Here are seven interesting facts about MLK Day. They include the observance's origins, some controversial ways to observe, and recent developments happening this year.
A Recent Holiday
Efforts to make Dr. King's birthday, Jan. 15, a national holiday had existed since not long after his assassination, though none had been successful until the 1980s.
Republican President Ronald Reagan signed House Resolution 3706 into law on Nov. 2, 1983, making the third Monday of January "Martin Luther King Jr. Day."
"King was granted an honor that had, until that time, belonged only to George Washington," noted Time Magazine in a 2015 article.
"Congress passed a bill designating his birthday as a national holiday, to be celebrated on the third Monday in January, starting in 1986."
A Shared Holiday
While Dr. Martin Luther King Jr.'s holiday is recognized nationwide, a few Southern states have been known to add Confederate General Robert E. Lee to the observance.
Arkansas, Alabama, and Mississippi paired up the civil rights leader with the Confederate general for their observance, as General Lee's birthday falls on January 19.
Southern states already had a tradition of celebrating Lee's birthday, so King's was added to their annual observance, according to National Geographic.
For its part, Lee's home state of Virginia celebrated a holiday that featured Lee, King, and Confederate General Thomas "Stonewall" Jackson until 2000.
"And until that year, MLK Day was an optional paid holiday in South Carolina, where state employees had to choose between MLK Day or three other Confederate holidays," explained National Geographic.
A Copyrighted Figure
When celebrating Dr. King's legacy, media entities have to be careful, as the King Estate keeps a strict copyright control over his speeches and images.
Networks and others who fail to pay money to broadcast items like King's famed "I Have a Dream" speech have found themselves in court.
"In the 1990s, the estate sued USA Today for publishing the full text of the 'I Have a Dream' speech King delivered on the steps of the Lincoln Memorial in August 1963, and the newspaper quickly settled by paying for a license and attorneys' fees," wrote Jonathan Band, a copyright lawyer and Georgetown University Law Center adjunct professor in a 2015 Politico article.
"The estate then sued CBS for including footage of the speech in a segment of its documentary series 'The 20th Century with Mike Wallace' ... The trial court agreed with CBS, but an appellate court reversed and ruled in favor of the MLK estate on narrow technical grounds."

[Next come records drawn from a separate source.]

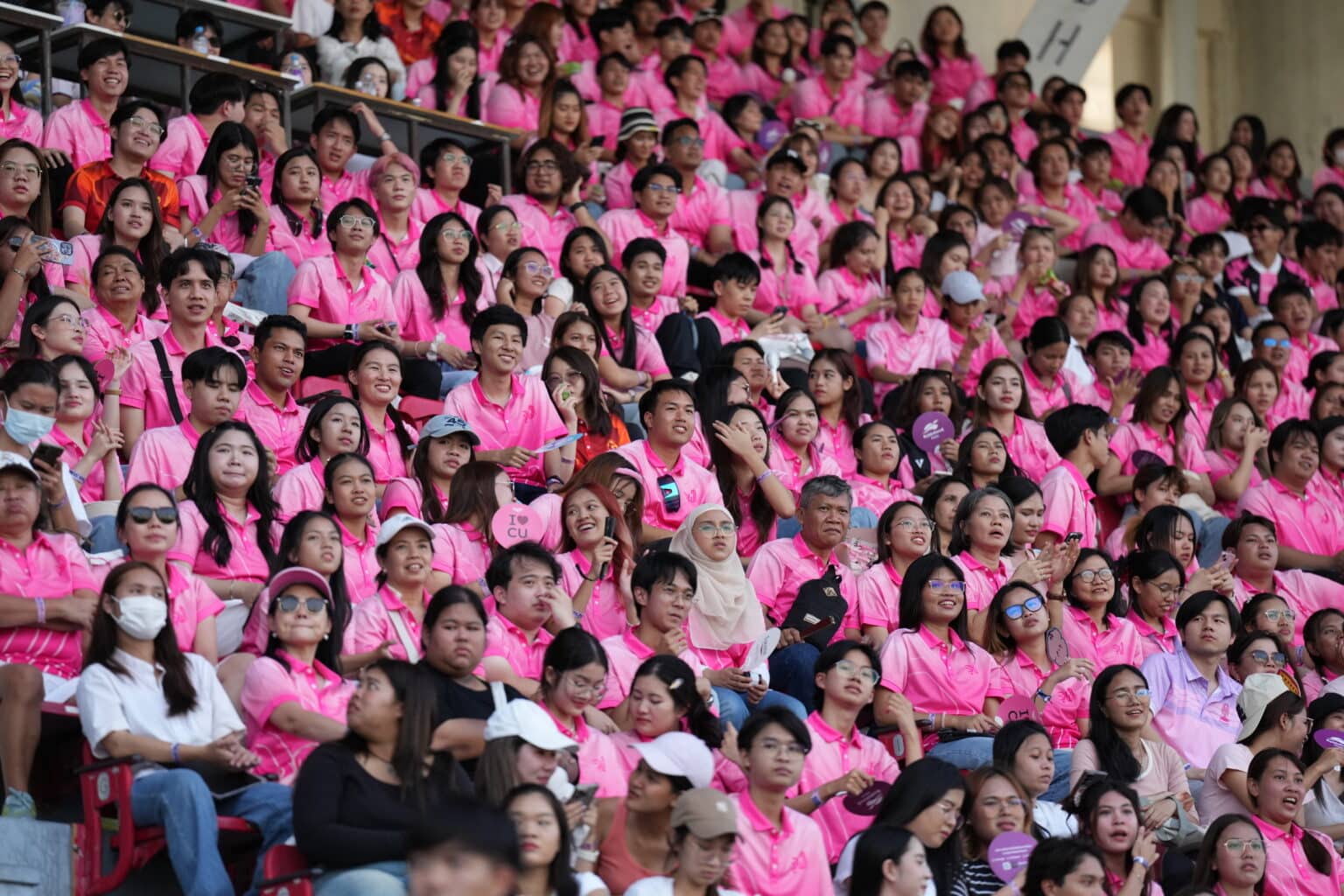 Chulalongkorn University-Thammasat University Make History with CU-TU Unity Football Match 2024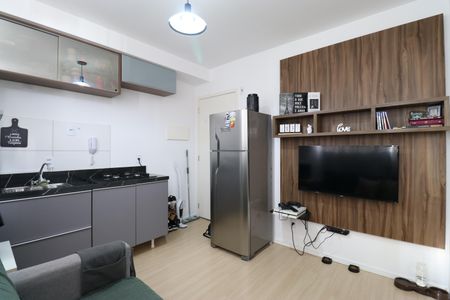 Apartamento para alugar com 24m², 1 quarto e sem vagaSala/Cozinha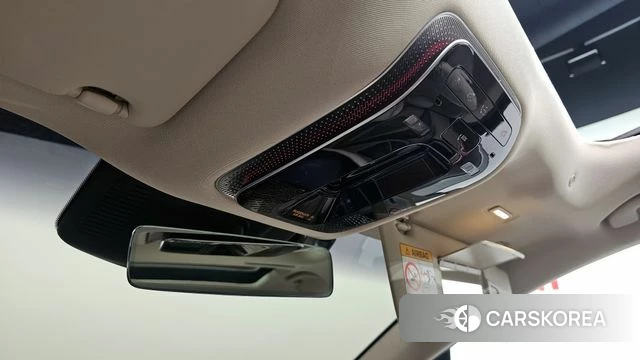 Mercedes-Benz EQS SUV X296 id 4329722 из Кореи 19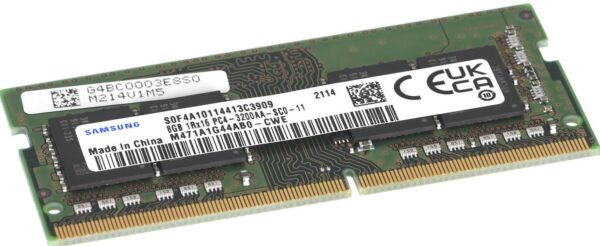 Samsung 8GB DDR4 3200MHZ S/OSIMM OEM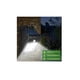 thumbnail image 3 of Paquete de focos solares x2 de 20 LED con sensor de movimiento IP65, 3 of 4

For the 2014 movie "Selma," filmmakers were forced to paraphrase the civil rights leader's words since they were licensed out to another company.
The MLK 50 Observance
In honor of the fiftieth anniversary of the assassination of Dr. King, the Memphis-based National Civil Rights Museum is launching a series of events in memory of the civil rights leader.

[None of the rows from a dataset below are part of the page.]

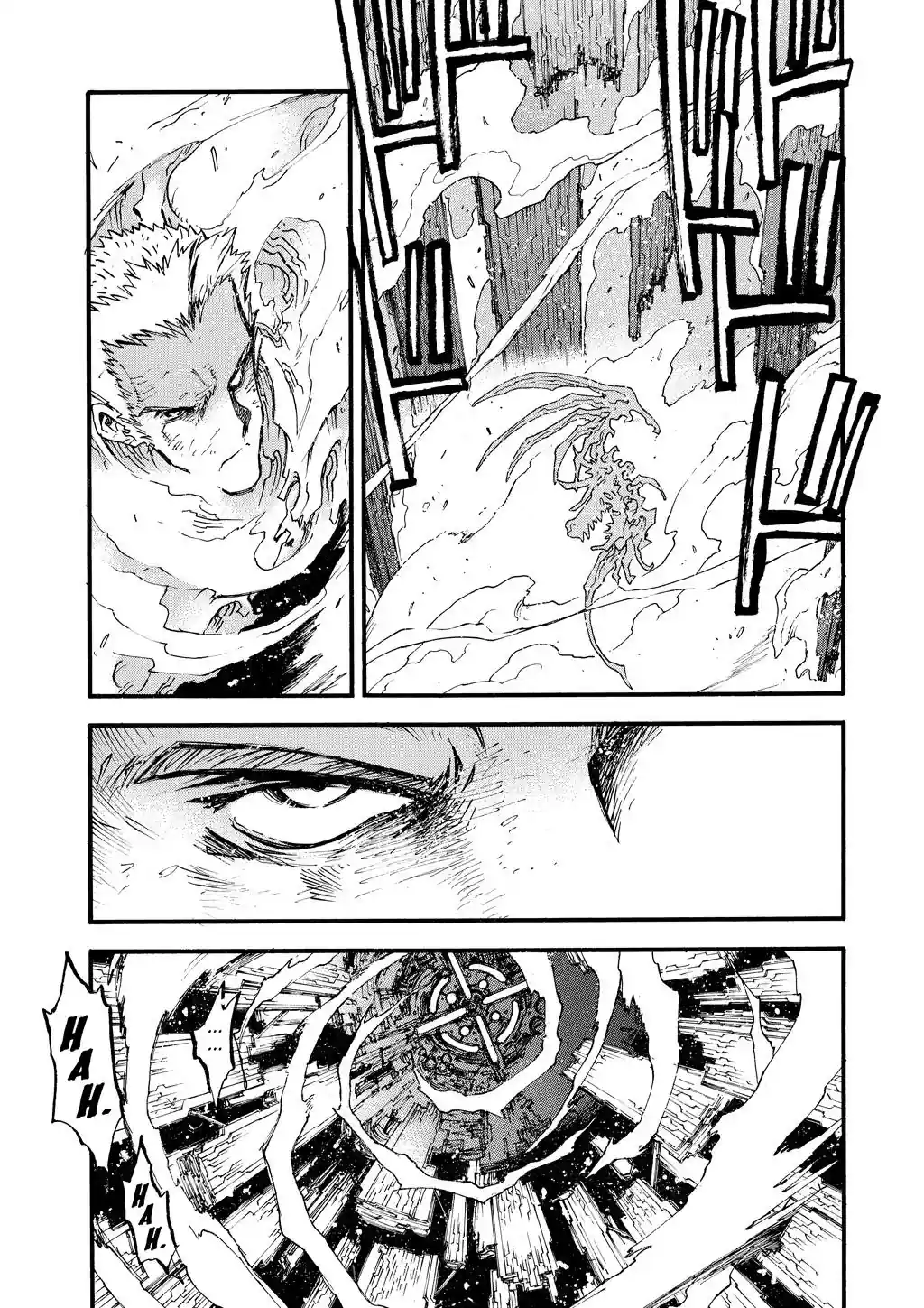Trigun Máximo Capítulo 89 Página 21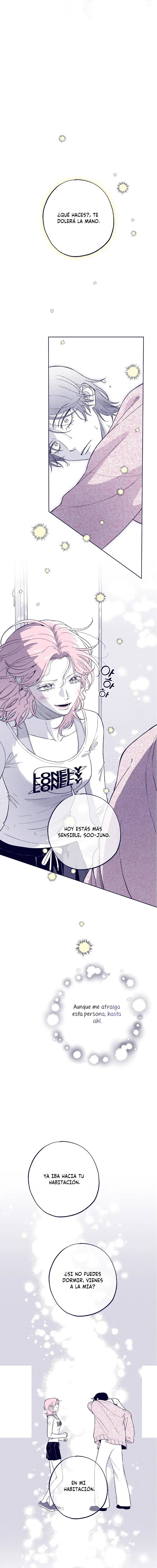 La estrella de al lado que me hechizó Capitulo 11 página 8
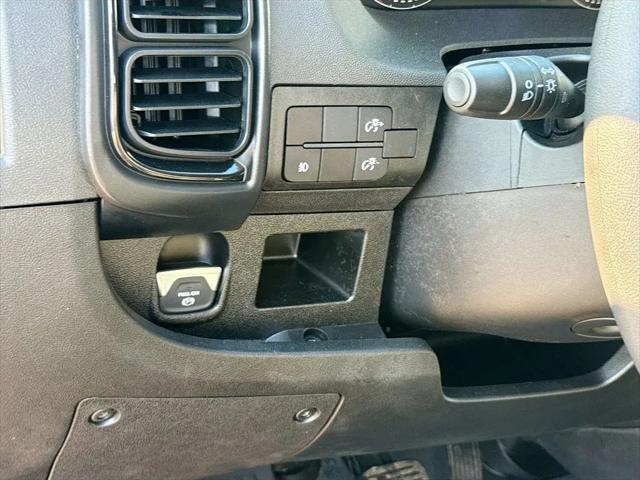2026 Ram ProMaster 2500 Cargo Van Tradesman High Roof 159" WB w/Pass Seat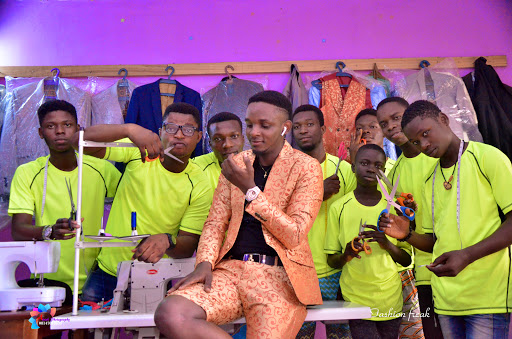 FashionFreaks, 1b onala Adeniyi furniture, Oke-Aro St, 340111, Akure, Nigeria, Tailor, state Ondo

Known as #MLK50, the museum is working with civil rights leaders and various organizations to foster events centered on the theme of "MLK50 — Where Do We Go From Here."
"Because of Dr. King's influence not only for minorities, but also for all people in the United States and worldwide, we are observing his legacy year-round with signature events and activities aimed at remembering Dr. King while motivating and activating change," explained the museum.
"Each event, activity and shared story will help us encourage activism and spark change as we lead up to April 4, 2018, the date of Dr. King's 1968 assassination. Join us in our yearlong commemoration."
A Day of Community Service
In addition to being a federal holiday, the King observance is known as a date set aside for volunteer activities and community service.
"In 1994, Congress passed the King Holiday and Service Act, designating the Martin Luther King Jr. Federal Holiday as a national day of service and charged the Corporation for National and Community Service with leading this effort," explained the American Association of State Colleges and Universities.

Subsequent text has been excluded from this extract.